Many people have contacted me recently about the Tenant Fees Bill 2017-19, which received its second reading in the House of Commons on 21 May. I know this is a subject that many people feel strongly about, therefore I thought I’d outline my views here.

The Bill sets out the Government’s approach to banning letting fees paid by tenants, with the overriding purpose of making renting fairer, more affordable and transparent, and to give tenants greater clarity and control over what they pay.

Tenants are charged hundreds of pounds a year for a variety of fees when renting a property. Before moving in, these charges can include a holding deposit, a registration fee, an administration fee and a fee for a reference check. Tenants can also be charged fees to renew their contract and to exit a contract and some even have to pay the letting agent to provide a reference for their new landlord.

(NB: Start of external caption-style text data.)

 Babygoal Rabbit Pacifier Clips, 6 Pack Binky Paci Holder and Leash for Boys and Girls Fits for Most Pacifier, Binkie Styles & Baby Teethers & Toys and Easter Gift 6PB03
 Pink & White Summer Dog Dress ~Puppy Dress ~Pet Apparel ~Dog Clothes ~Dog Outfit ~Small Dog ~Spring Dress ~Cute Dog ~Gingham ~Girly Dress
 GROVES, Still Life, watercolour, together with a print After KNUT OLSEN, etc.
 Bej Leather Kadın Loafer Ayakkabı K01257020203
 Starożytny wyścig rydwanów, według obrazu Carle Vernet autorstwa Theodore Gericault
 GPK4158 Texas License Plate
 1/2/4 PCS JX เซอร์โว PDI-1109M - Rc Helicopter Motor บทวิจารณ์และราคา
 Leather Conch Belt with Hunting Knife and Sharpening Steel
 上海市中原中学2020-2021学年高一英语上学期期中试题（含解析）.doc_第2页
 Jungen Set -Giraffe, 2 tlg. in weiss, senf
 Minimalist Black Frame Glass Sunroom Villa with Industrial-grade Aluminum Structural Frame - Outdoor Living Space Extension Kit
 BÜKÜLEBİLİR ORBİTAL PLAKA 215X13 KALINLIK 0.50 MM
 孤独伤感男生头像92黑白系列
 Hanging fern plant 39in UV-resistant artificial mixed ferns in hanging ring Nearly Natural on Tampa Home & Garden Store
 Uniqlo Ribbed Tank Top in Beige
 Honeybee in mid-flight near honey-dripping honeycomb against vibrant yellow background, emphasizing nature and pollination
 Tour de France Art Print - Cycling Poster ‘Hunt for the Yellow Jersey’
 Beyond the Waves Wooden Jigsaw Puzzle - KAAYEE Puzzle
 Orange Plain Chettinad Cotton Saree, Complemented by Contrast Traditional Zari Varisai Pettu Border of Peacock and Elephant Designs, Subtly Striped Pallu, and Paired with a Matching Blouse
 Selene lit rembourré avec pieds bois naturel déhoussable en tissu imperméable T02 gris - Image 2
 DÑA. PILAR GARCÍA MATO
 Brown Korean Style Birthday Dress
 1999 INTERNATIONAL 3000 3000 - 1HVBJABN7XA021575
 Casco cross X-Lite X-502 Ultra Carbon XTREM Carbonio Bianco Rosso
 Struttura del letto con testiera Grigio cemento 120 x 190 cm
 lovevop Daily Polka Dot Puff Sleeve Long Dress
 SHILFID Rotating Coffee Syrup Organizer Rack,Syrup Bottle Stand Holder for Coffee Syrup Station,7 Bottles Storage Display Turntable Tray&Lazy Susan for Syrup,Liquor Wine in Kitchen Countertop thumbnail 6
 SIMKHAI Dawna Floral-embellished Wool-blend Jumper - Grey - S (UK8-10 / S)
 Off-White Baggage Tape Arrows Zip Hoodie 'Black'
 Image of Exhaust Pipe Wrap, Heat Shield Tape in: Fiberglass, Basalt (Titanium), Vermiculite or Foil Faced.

Moreover, there is currently no upper cap on the fees agents can charge in England. A report by the housing charity Shelter found that one in four people felt they had been charged unfair letting agency fees, with one in seven renters who used a letting agency paying fees of more than £500.

The Housing, Communities and Local Government Select Committee scrutinised a draft form of the Bill earlier this year and concluded that, as it stands, the Bill “does not provide a comprehensive definition of ‘default fee'” and warned that this is “open to abuse” by landlords. Indeed, letting agents involved in the inquiry told the Committee that the fees that agencies would be allowed to charge tenants, including default fees, would be “increased severely” and “applied more rigorously” in order to recoup lost revenue.

The Bill has passed its second reading and will now progress to committee stage for further scrutiny. I can assure I will follow the Bill closely and stand up for renters by backing proposals to close loopholes by which landlords can continue to charge unfair fees.